Catrisk will have more on the eventful TWIA board meeting later in the week.

Texas Insurance Commissioner still mulling bond anticipation notes

Texas Insurance Commissioner Julia Rathgeber has not reached a decision yet on whether to accede to the request of the Texas Windstorm Insurance Association and others that she overturn the refusal of her predecessor Eleanor Kitzman to borrow about $500 million to help pay any claims that the financially troubled insurer might have  this summer. A response by TWIA to a public information request states that “TWIA is working with the Texas Department of Insurance and the Texas Public Finance Authority to explore all funding options, including the BAN [bond anticipation notes].” According to TWIA, it has not heard anything further from lenders about whether they are still willing, in light of rising market interest rates, to enter into a BAN deal on the same terms as they apparently were this spring. The failure to obtain a reversal likely means, as TWIA Board Member Alice Gannon candidly acknowledged at a June board meeting, that TWIA would not be able to pay many claims in timely fashion should a significant storm occur during the remainder of the 2013 hurricane season.

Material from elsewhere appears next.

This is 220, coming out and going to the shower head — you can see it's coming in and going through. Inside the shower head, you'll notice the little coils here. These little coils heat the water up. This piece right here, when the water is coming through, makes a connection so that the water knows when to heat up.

Although Commissioner Rathgeber has not made a decision yet, in some sense the absence of a decision comes close to an upholding of her predecessor’s determination. One of the touted advantages of the BAN had been that it would have permitted TWIA to purchase reinsurance that attached at $2.2 billion of losses and provided an extra $250 million worth of reinsurance. Right now, the attachment point on its $1 billion of reinsurance stands at $1.7 billion, creating what TWIA hopes (unrealistically perhaps) is a $2.7 billion stack of protection. But the election to go to the higher level attachment point appears to have expired on July 15.  So, unless a new deal with the reinsurers can be struck, that advantage of pre-event borrowing seems to have disappeared. Moreover, it is not clear that a bond anticipation note can be obtained on the same terms as were available in the spring when interest rates were lower. Renegotiating the terms of a BAN will take some time even if Rathgeber ultimately overturns the decision in whole or in part.  (I say in part because some of the arguments against a BAN have less force if the amount borrowed were, say $100-$200 million rather than $500 million). Each day that goes by with the Kitzman decision in force is a day deeper into the heart of hurricane season in which TWIA is particularly vulnerable.

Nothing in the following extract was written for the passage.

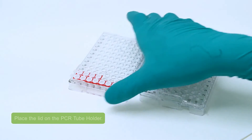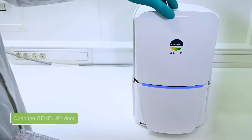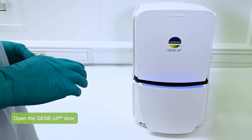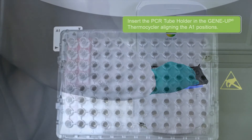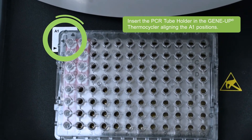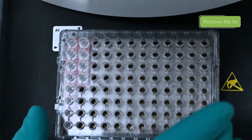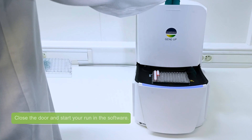Place the lid on the PCR tube holder. Open the GeneUp door and insert the PCR tube holder in the GeneUp Thermocycler, aligning the A1 positions. Remove the lid, close the door, and start your run in the software.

One possible reason for the Rathgeber delay is the relationship between the BAN and the desire of many to shrink TWIA. Many believe that TWIA’s problems would be more manageable if it’s maximum exposure were reduced to the levels that existed before Hurricane Ike or even earlier. They believe TWIA’s problems become progressively more intractable as ever more people develop the Texas coast based on an assumption of continued subsidized rates.  If TWIA borrows money that requires it to repay various fixed sums, it is going to depend on its premium base not shrinking much.  Indeed, if I were a lender I might want various covenants protecting me from a depopulation of TWIA. I would at least price that risk into the interest rate charged. Borrowing money via a bond anticipation note therefore makes it more difficult for any special session of the legislature to develop a plan substantially to reform TWIA.  Thus, although the prospects of such a special session on windstorm insurance reform seem rather dim at present, Governor Perry has not taken it entirely off the table. Commissioner Rathgeber, who likely has her pulse on the mood of the legislature and the governor, may well be balancing the timing of any decision with beliefs on the prospects for reform.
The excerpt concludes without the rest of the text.